[Source data Boundary: Start]

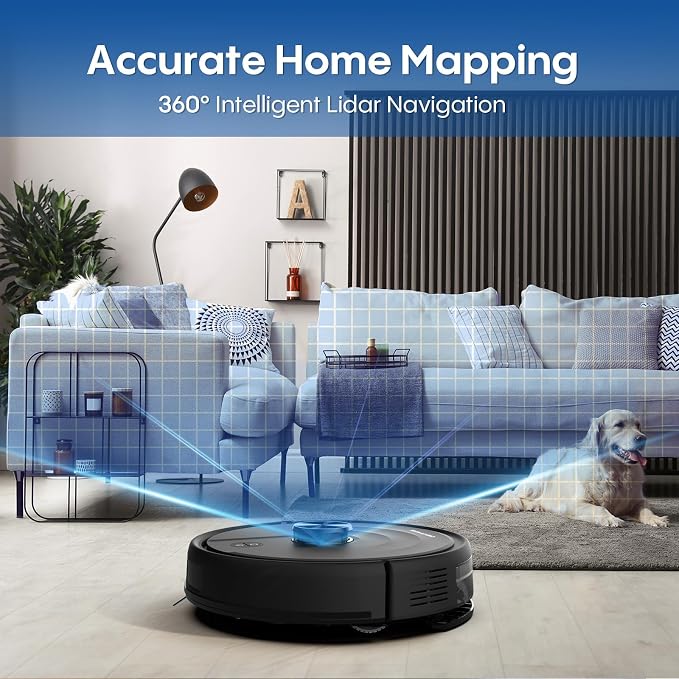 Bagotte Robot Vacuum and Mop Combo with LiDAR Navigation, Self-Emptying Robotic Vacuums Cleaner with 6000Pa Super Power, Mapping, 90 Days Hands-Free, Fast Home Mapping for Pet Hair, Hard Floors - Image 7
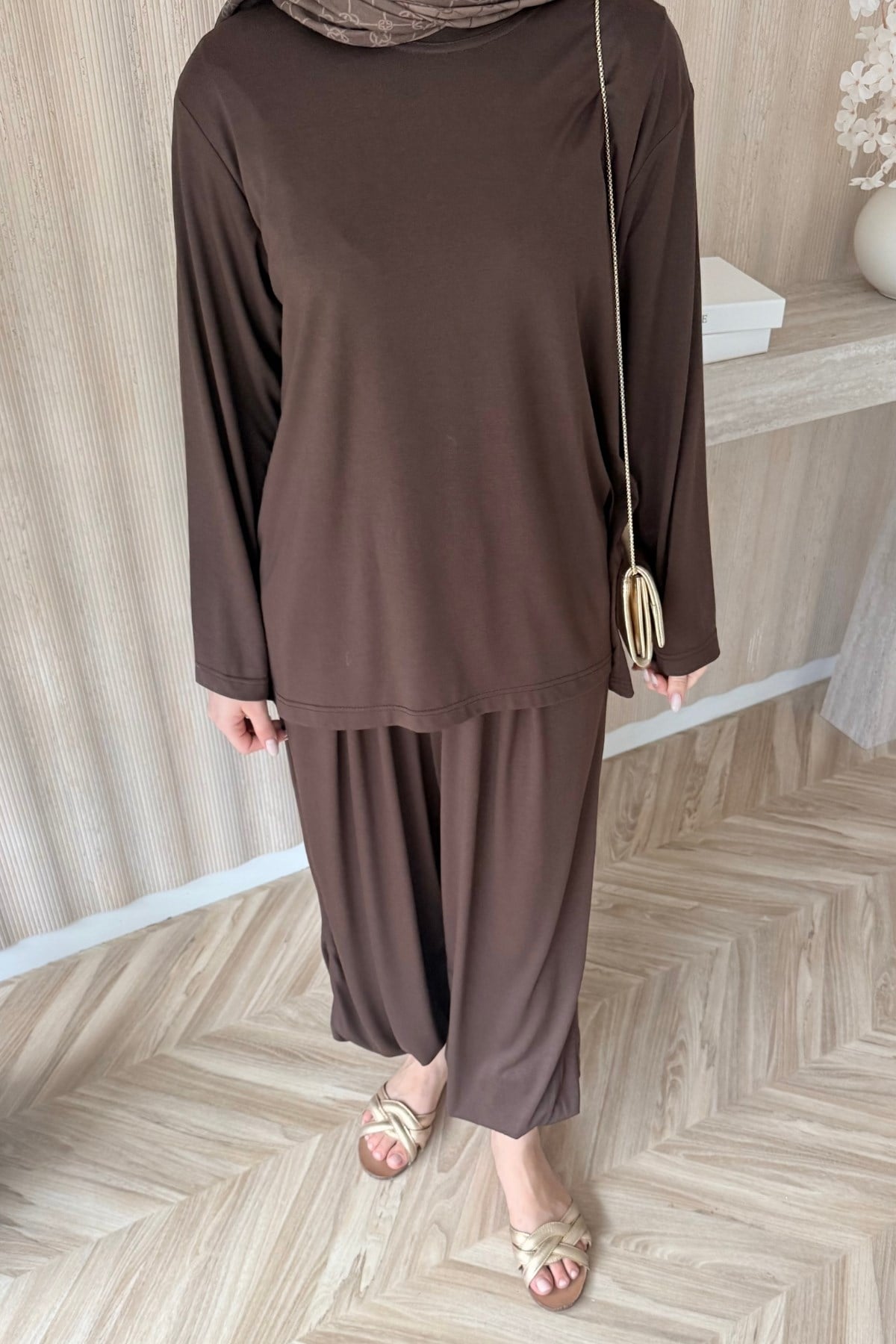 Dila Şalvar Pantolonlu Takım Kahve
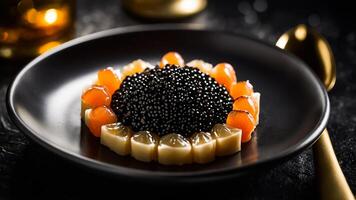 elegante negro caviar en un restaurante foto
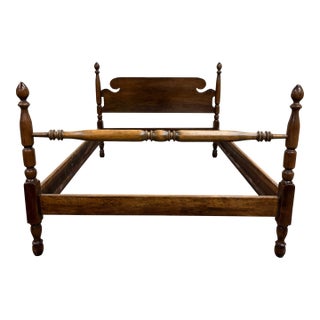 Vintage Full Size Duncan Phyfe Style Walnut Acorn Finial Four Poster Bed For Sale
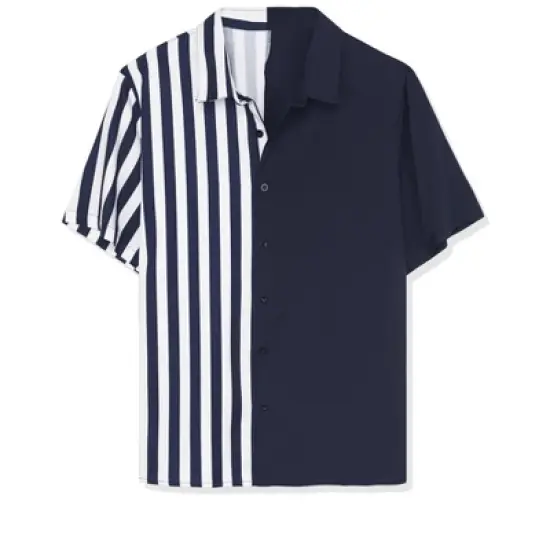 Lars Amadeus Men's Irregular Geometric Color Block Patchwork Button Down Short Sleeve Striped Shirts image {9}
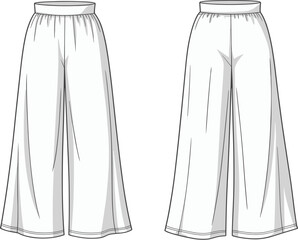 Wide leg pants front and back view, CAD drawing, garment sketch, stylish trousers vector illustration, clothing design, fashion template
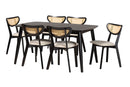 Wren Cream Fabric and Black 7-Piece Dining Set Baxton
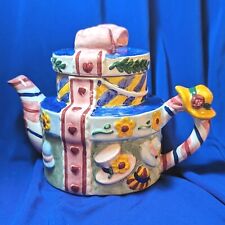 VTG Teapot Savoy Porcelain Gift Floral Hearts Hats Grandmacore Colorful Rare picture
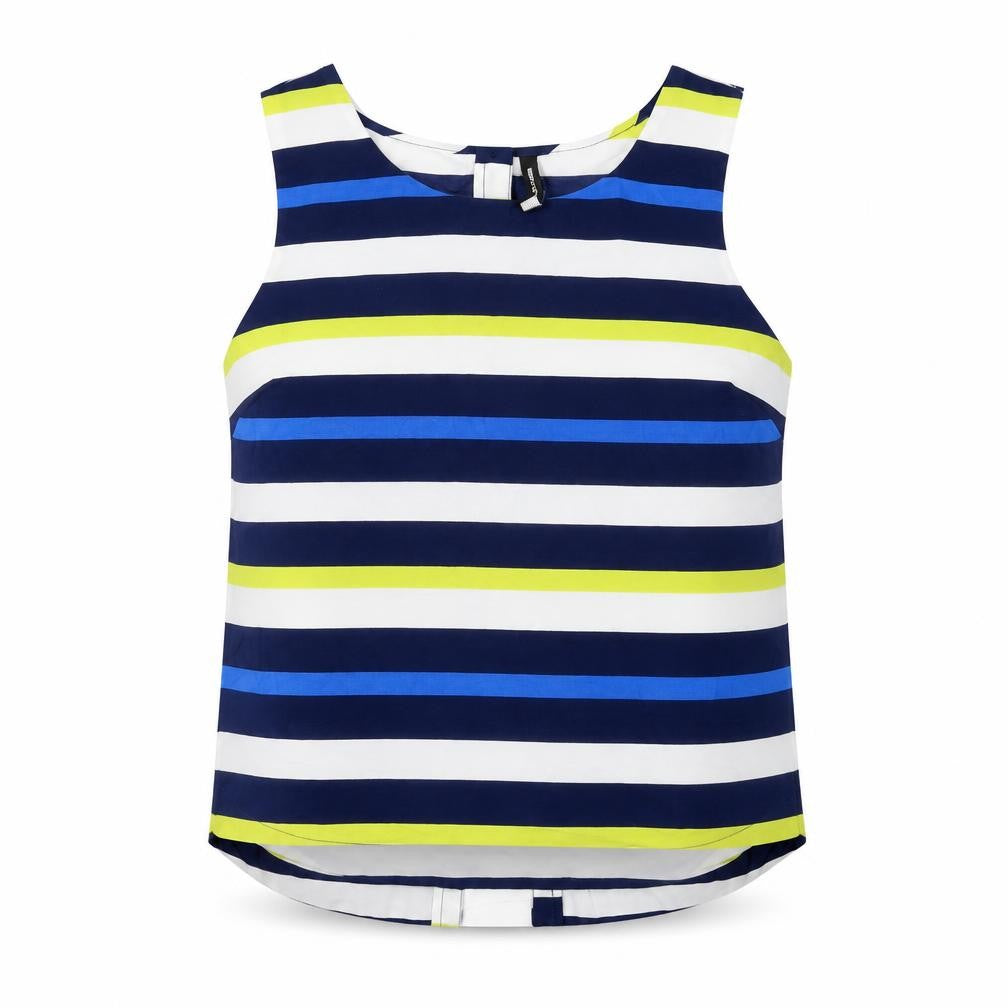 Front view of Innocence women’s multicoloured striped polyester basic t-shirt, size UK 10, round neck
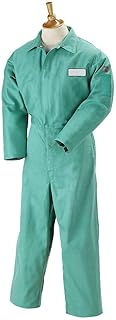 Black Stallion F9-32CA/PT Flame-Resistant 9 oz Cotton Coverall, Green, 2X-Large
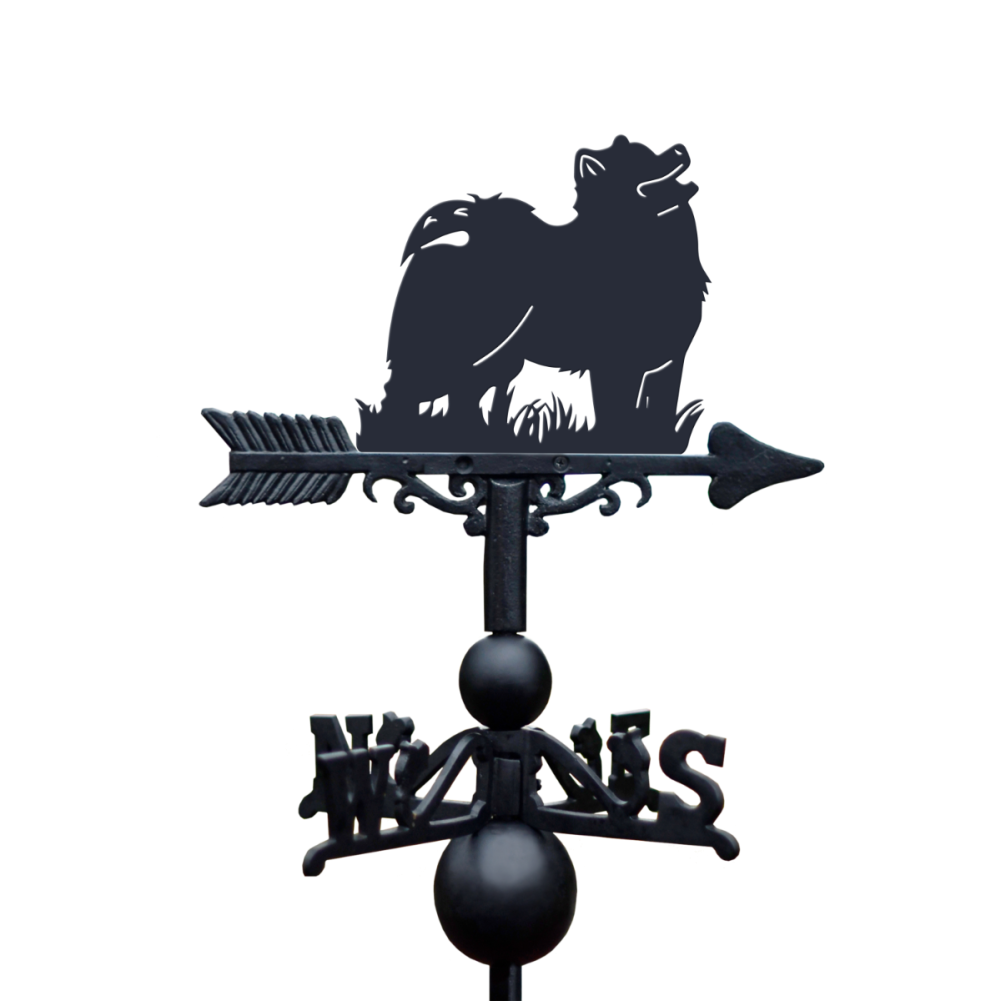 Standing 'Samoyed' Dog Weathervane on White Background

[Source data Boundary: End]

◆ **Required action**: Each entry above should come back word for word, and no picture should come with it.

◆ **Solved problem**:
 Bagotte Robot Vacuum and Mop Combo with LiDAR Navigation, Self-Emptying Robotic Vacuums Cleaner with 6000Pa Super Power, Mapping, 90 Days Hands-Free, Fast Home Mapping for Pet Hair, Hard Floors - Image 7
 Dila Şalvar Pantolonlu Takım Kahve
 elegante negro caviar en un restaurante foto
 Vintage Full Size Duncan Phyfe Style Walnut Acorn Finial Four Poster Bed For Sale
 Lars Amadeus Men's Irregular Geometric Color Block Patchwork Button Down Short Sleeve Striped Shirts image {9}
 Wide leg pants front and back view, CAD drawing, garment sketch, stylish trousers vector illustration, clothing design, fashion template
 Wren Cream Fabric and Black 7-Piece Dining Set Baxton
 VTG Teapot Savoy Porcelain Gift Floral Hearts Hats Grandmacore Colorful Rare picture
 Front view of Innocence women’s multicoloured striped polyester basic t-shirt, size UK 10, round neck
 Black Stallion F9-32CA/PT Flame-Resistant 9 oz Cotton Coverall, Green, 2X-Large
 Standing 'Samoyed' Dog Weathervane on White Background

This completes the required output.